Activists Bring Acclaimed Anti-Coal Film to Arkansas

‘Fighting Goliath’ Shows How Citizens Can Stop Coal Plants From Threatening Arkansas

Arkansas residents will get a chance this week to see how they can stand up to proposed coal-fired power plants with special screenings in Fayetteville, Little Rock and Hope of the documentary “Fighting Goliath: Texas Coal Wars.”

Public Citizen and other groups are organizing the screenings of the film produced by Robert Redford, which follows a group of Texas activists who took on a big power company’s plan to build 11 coal-fired generators in their state. The activists, who included members of Public Citizen’s Texas office, succeeded in defeating several of the plants.

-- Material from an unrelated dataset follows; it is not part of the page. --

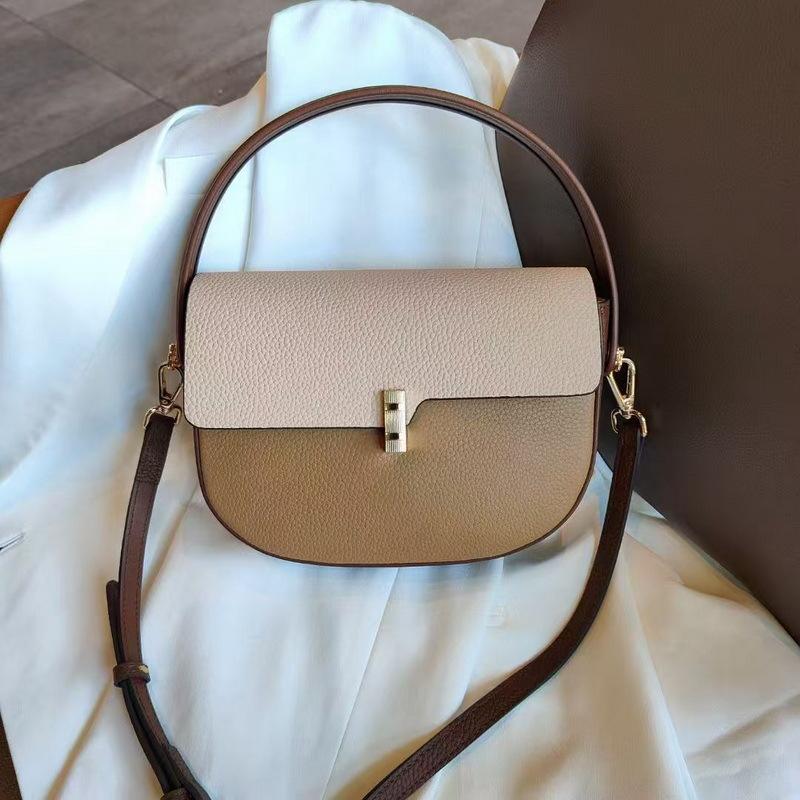 Genuine Leather Women s Bag First-layer Cowhide Color Matching Saddle Texture All-matching Niche Single-shoulder Cross-arm 21.5x16.5x7CM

Showings will be at 6 p.m. Tuesday at the Fayetteville Public Library and 6 p.m. Thursday at the Little Rock Market Street Cinema. A screening is also planned for Hope on Saturday with the time and place to be determined. A training session on organizing campaigns against coal plants will be held in Fayetteville and Little Rock the day after the showings and directly after the screening in Hope. Information on the Hope showing and the film tour in general will be posted this week at Public Citizen’s Web site, http://www.coalblock.org.

In addition to the newly proposed AEP/SWEPCO John W. Turk plant in Hempstead County, another new coal-fired power plant, the AES Shady Point II plant, is proposed in LeFlore County, Okla. The Oklahoma plant will affect air quality in the Fort Smith, Fayetteville and Bentonville areas. These new coal-fired power plants pose a threat to public health and environmental conservation throughout Arkansas and the entire country, said Tom “Smitty” Smith, director of Public Citizen’s Texas office.

“Both of these plants pose a significant threat to air quality and contribute to the problem of global climate change,” said Smith, who will participate in the film tour. “Coal plants are the largest industrial source of mercury and will affect water quality throughout Oklahoma and Arkansas.”

Energy derived from coal-fired power plants must be made a thing of the past, he said. Alternatives exist now to take our country in a different direction and into a new era of clean energy beneficial to our health, our environment, and our economy, Smith said.